Aim of the exercise: In your copy of the data below, reproduce every entry exactly and omit the pictures.
Start of Data shown
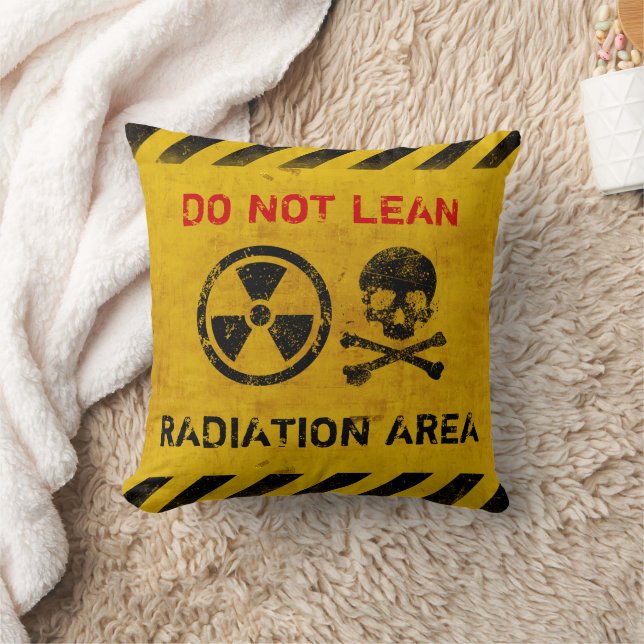 Customisable Radiation Area Warning Cushion (Blanket)
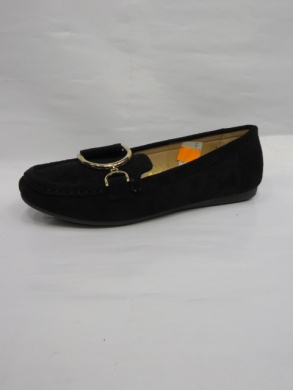 Mokasyny damskie na płaskim (36-41) LE-550 BLACK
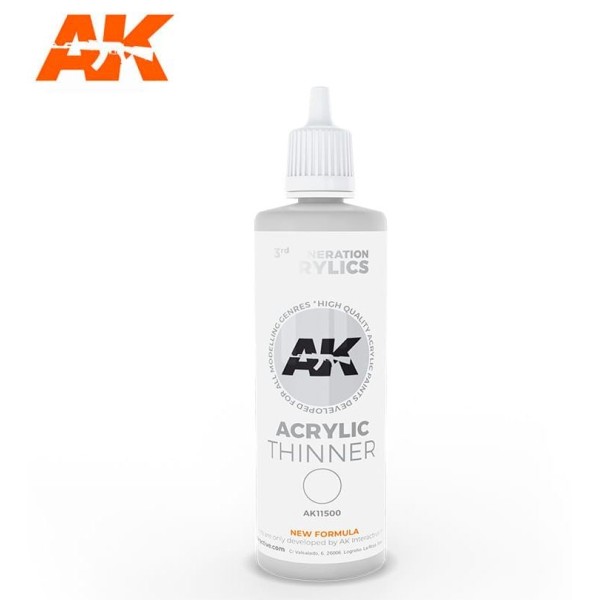 AK Interactive - 3rd Generation - Acrylic Thinner (100ml)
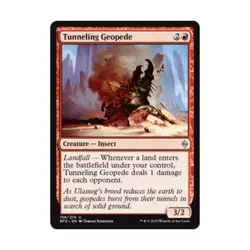 WOTC MTG Battle for Zendikar Tunneling Geopede (U) (Foil) NM - Image 1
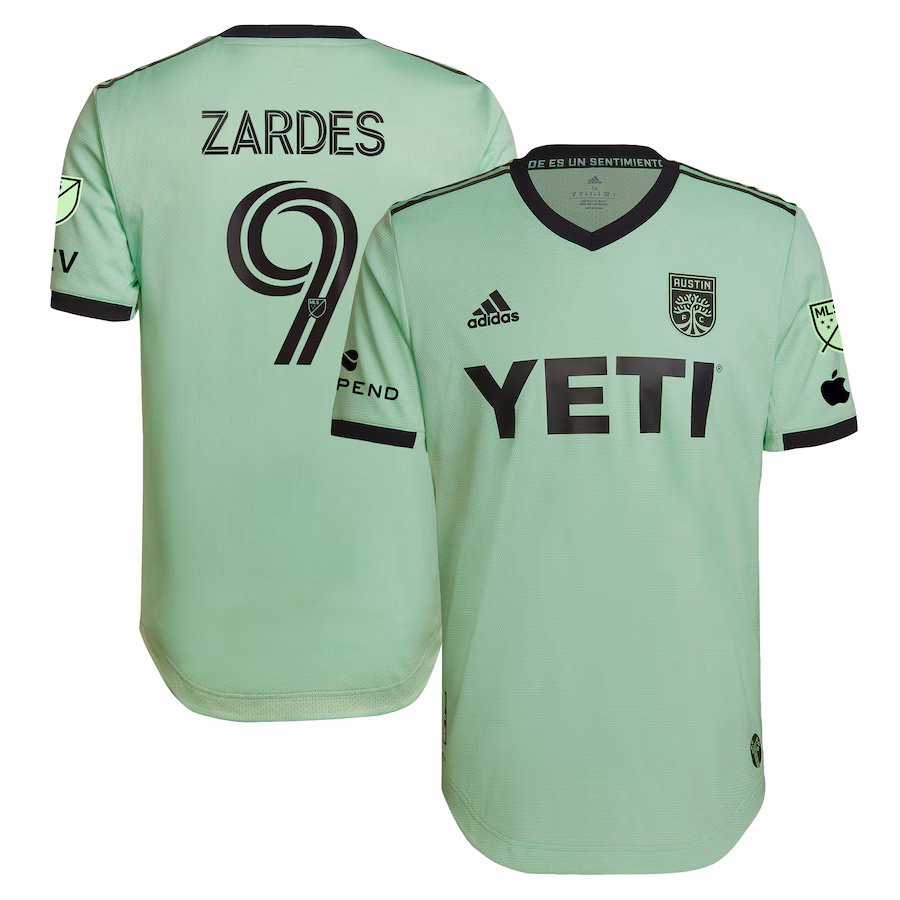 Men's Austin FC Gyasi Zardes adidas Mint 2023 The Sentimiento Kit Authentic Player Jersey - Jersey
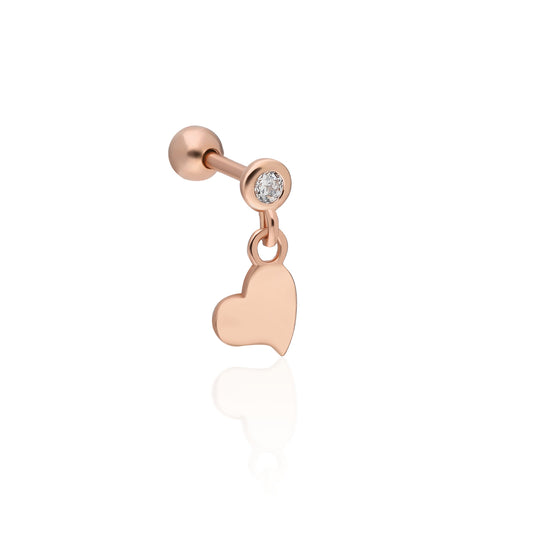 Heart With Stone Piercing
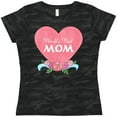 thumbnail image 3 of Inktastic World's Best Mom in Pink Heart with Flowers Women's T-Shirt, 3 of 5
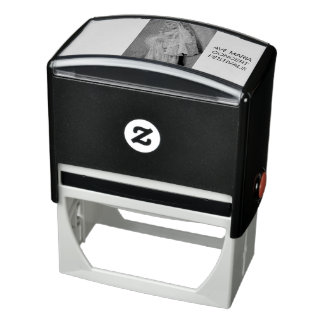 Ave Mariaカスタム2.9インチx 1.4インチスタンプ セルフインキングスタンプ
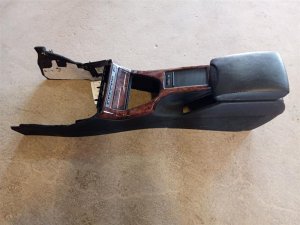 2000-2006 BMW X5 Black Floor Center Console Panel with Wood Trim (Used OEM)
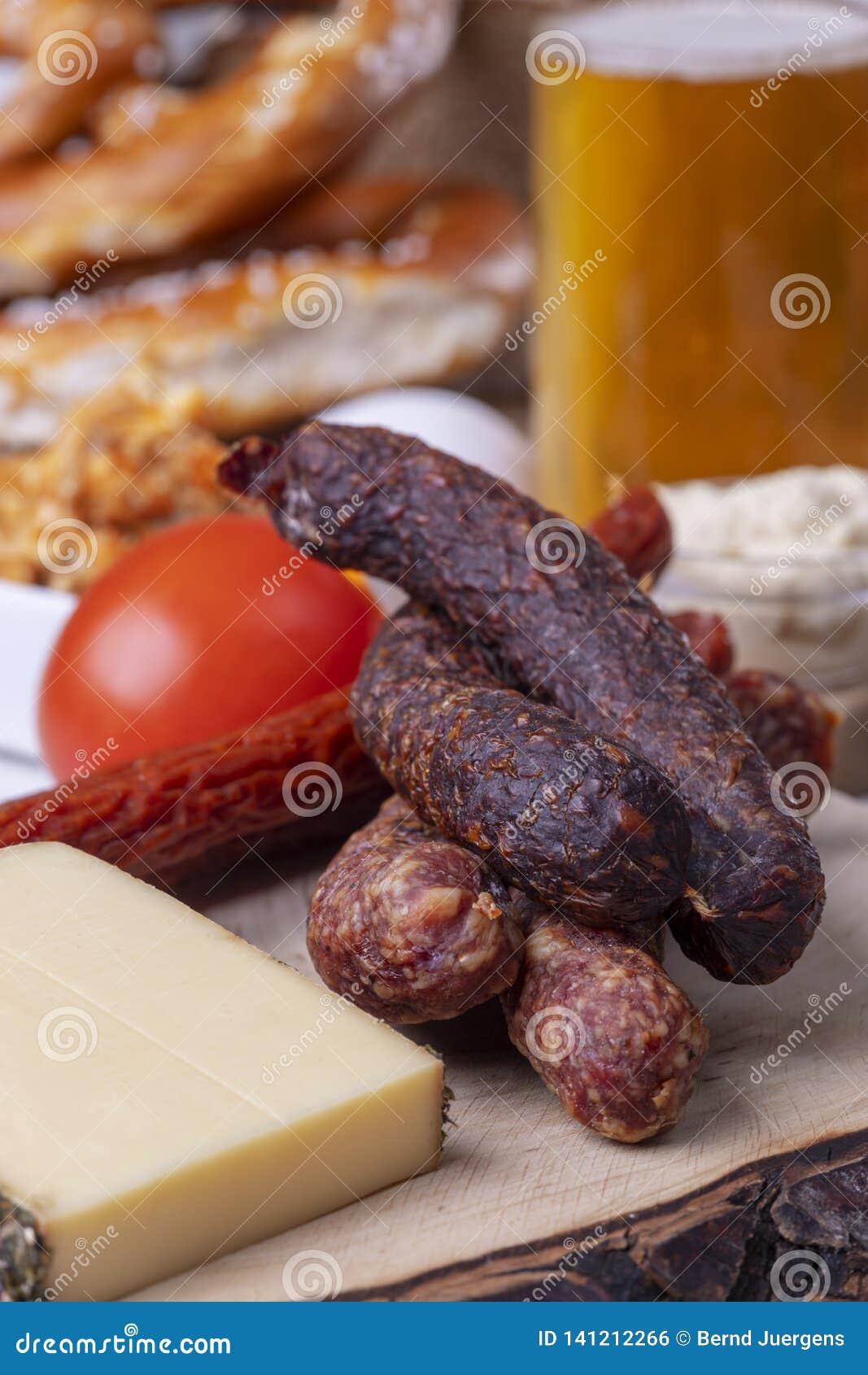 German Sausages with Cheese Stock Photo Image of mustard, rustic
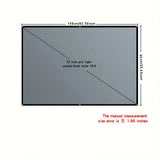 Home office business projector, portable movie screen, 60-133 inches, metal anti light screen hook for daytime viewing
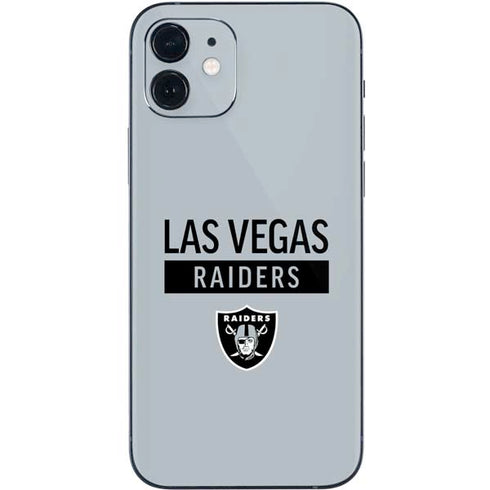 NFL Las Vegas Raiders Silver Performance Series iPhone 12 Skin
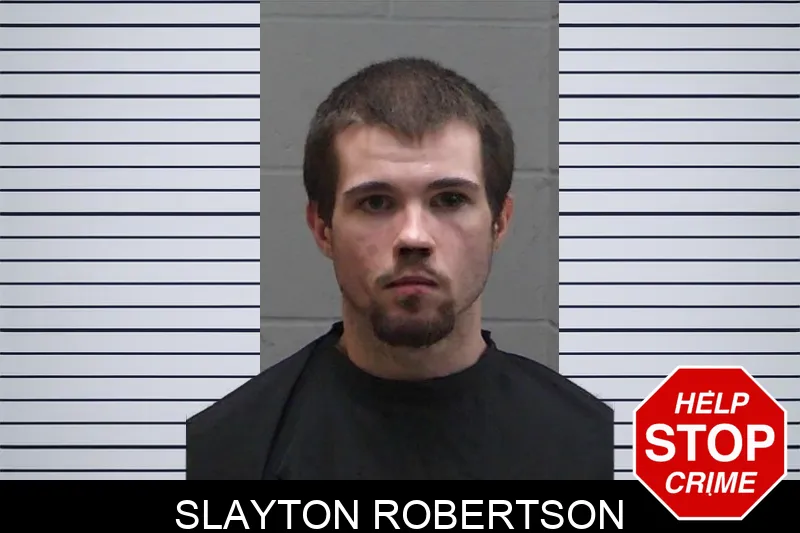 Slayton Robertson mugshot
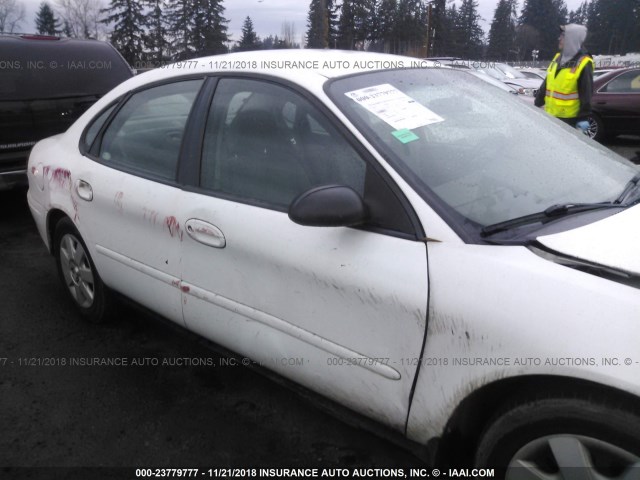 1FAFP52U02A220597 - 2002 FORD TAURUS LX WHITE photo 6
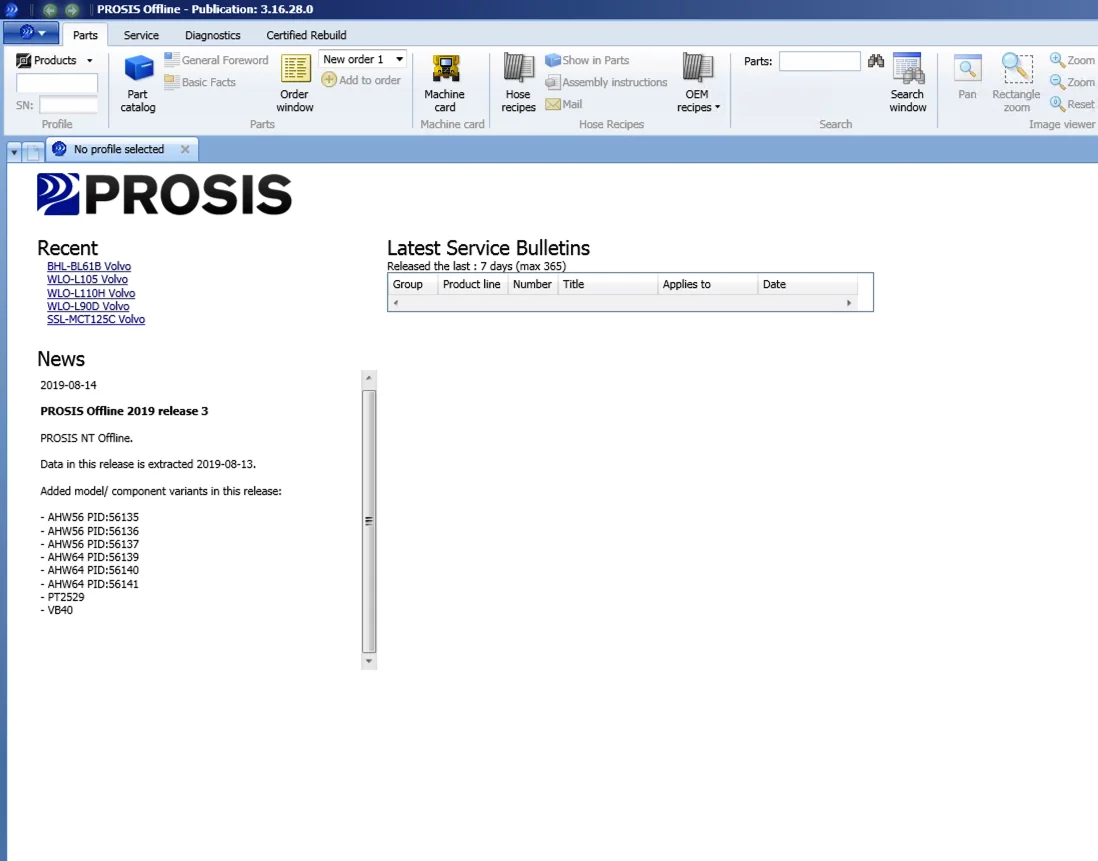 Construction Equipment PROSIS 9.2019 (Parts+Repair) For volvo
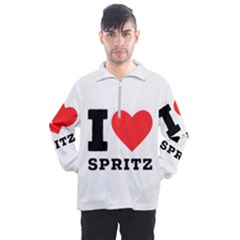 I Love Spritz Men s Half Zip Pullover by ilovewhateva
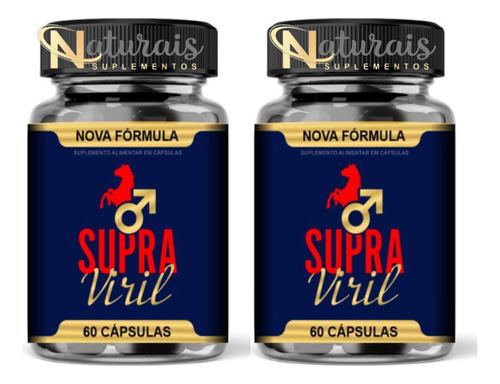 2 Supra Viril 120 Capsulas - Envio Rapido - Compre Aqui Envio Hoje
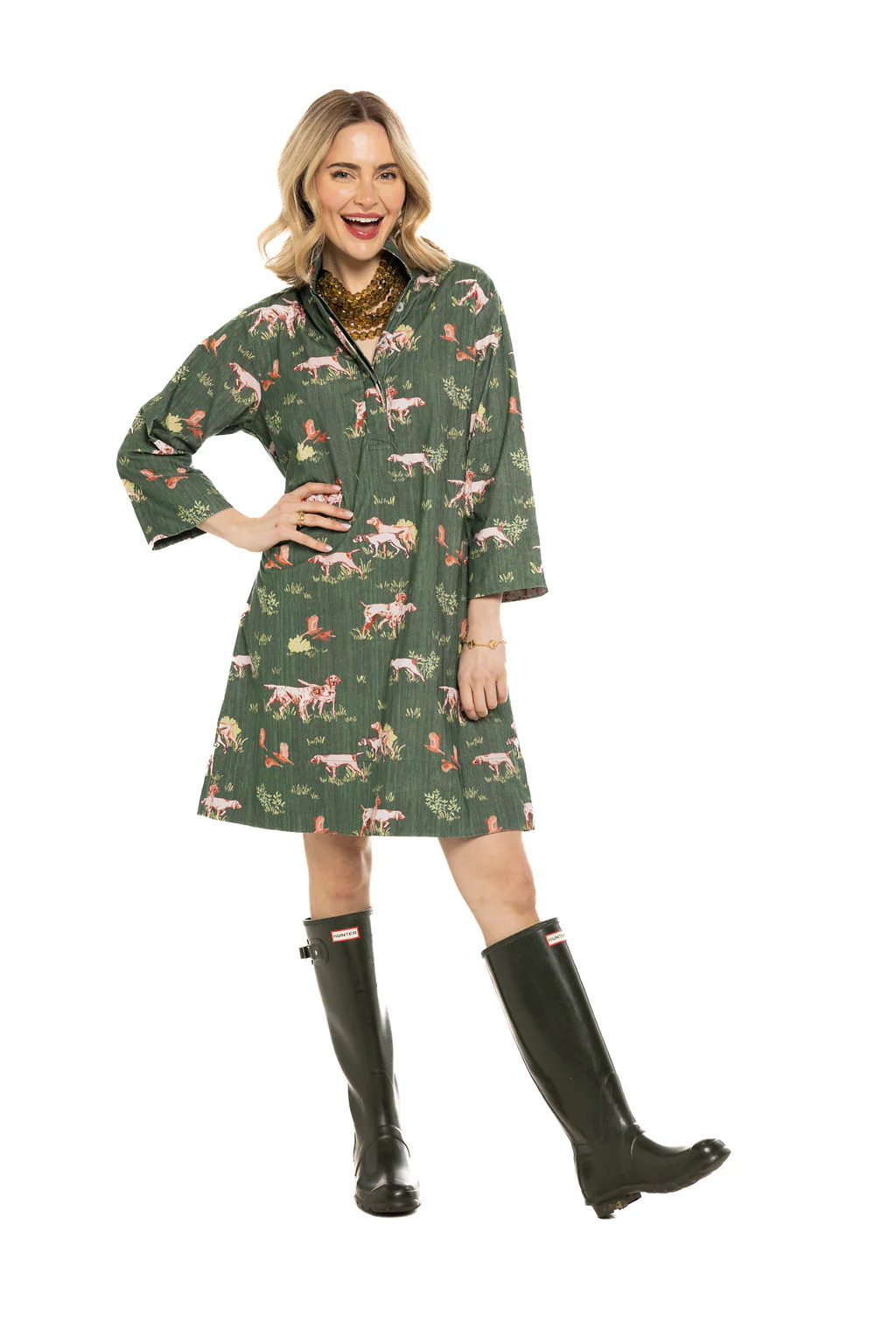 Arden Dress Cord Dogs on the Hunt | Holly Shae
End of Data shown
Solution for this task:
 Customisable Radiation Area Warning Cushion (Blanket)
 Mokasyny damskie na płaskim (36-41) LE-550 BLACK
 AK Interactive - 3rd Generation - Acrylic Thinner (100ml)
 WOTC MTG Battle for Zendikar Tunneling Geopede (U) (Foil) NM - Image 1
 Men's Austin FC Gyasi Zardes adidas Mint 2023 The Sentimiento Kit Authentic Player Jersey - Jersey
 Heart With Stone Piercing
 thumbnail image 3 of Inktastic World's Best Mom in Pink Heart with Flowers Women's T-Shirt, 3 of 5
 Ave Mariaカスタム2.9インチx 1.4インチスタンプ セルフインキングスタンプ
 2000-2006 BMW X5 Black Floor Center Console Panel with Wood Trim (Used OEM)
 German Sausages with Cheese Stock Photo Image of mustard, rustic
 Home office business projector, portable movie screen, 60-133 inches, metal anti light screen hook for daytime viewing
 NFL Las Vegas Raiders Silver Performance Series iPhone 12 Skin
 Slayton Robertson mugshot
 1FAFP52U02A220597 - 2002 FORD TAURUS LX WHITE photo 6
 Construction Equipment PROSIS 9.2019 (Parts+Repair) For volvo
 I Love Spritz Men s Half Zip Pullover by ilovewhateva
 2 Supra Viril 120 Capsulas - Envio Rapido - Compre Aqui Envio Hoje
 Arden Dress Cord Dogs on the Hunt | Holly Shae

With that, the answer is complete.